- Hej! zaczekajcie na nas! - krzyknęłam próbując dogonić Matta i Nicka.
- Dawaj, dawaj! - krzyczeli na zmianę chłopacy.
- No zaczekajcie! - krzyczałam dalej, zauważyłam, że Chris się ode mnie odłączył.
- Z twoimi krótkimi nóżkami, nigdy nas nie dogonisz! - zaśmiał się Matt odkrzykując mi. - Już jesteś blisko! Ostatni zakręt!
- Zabiję was kiedyś! - krzyczałam próbując złapać jakikolwiek oddech.
- Tylko jeśli nas dogonisz! - Nick, zabiję go kiedyś. Z zimną krwią, bez żadnej litości.
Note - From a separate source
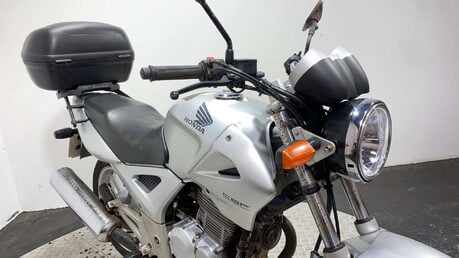 Honda CBF250 2006 15K GOOD RUNNING 250CC PROJECT 19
Kiedy w końcu znalazłam się przed domem chłopaków, myślałam, że wypluję płuca. Miałam na sobie czarne dresy, oraz bluzę Nicka, którą pożyczył mi w szkole. Bardzo często chodziłam w ubraniach chłopaków. Zawsze pachniały domem, czymś bezpiecznym. Więc jeżeli napotkała się okazja ponoszenia czegoś, byłam pierwsza w kolejce. Bardzo często siedziałam u nich do wieczora, za dnia było ciepło, więc przychodziłam do nich w szortach i zwykłej koszulce. Natomiast, nadchodził wieczór, i byłam cała lodowata. Nawet nie musiałam nic mówić, kiedy tylko temperatura spadała, obok pojawiał się jeden z chłopaków z bluzą. To jeden z milionów powodów dlaczego kocham tych małych idiotów. Są tacy opiekuńczy, zawsze są tam, gdzie ich potrzebujesz. Sprawiają, że ludzie stają się lepsi. Sama jestem w stosunku do nich, aż nadopiekuńcza. Kiedy widzę, że Chris wychodzi w samej bluzie, kiedy pada śnieg. Jedyne co mam ochotę zrobić, to po walnąć go w głowę, opatulić kocem i posadzić na kanapie z herbatą. Matt tak samo, w kurtce letniej w styczniu. No mam ochotę ich rozszarpać.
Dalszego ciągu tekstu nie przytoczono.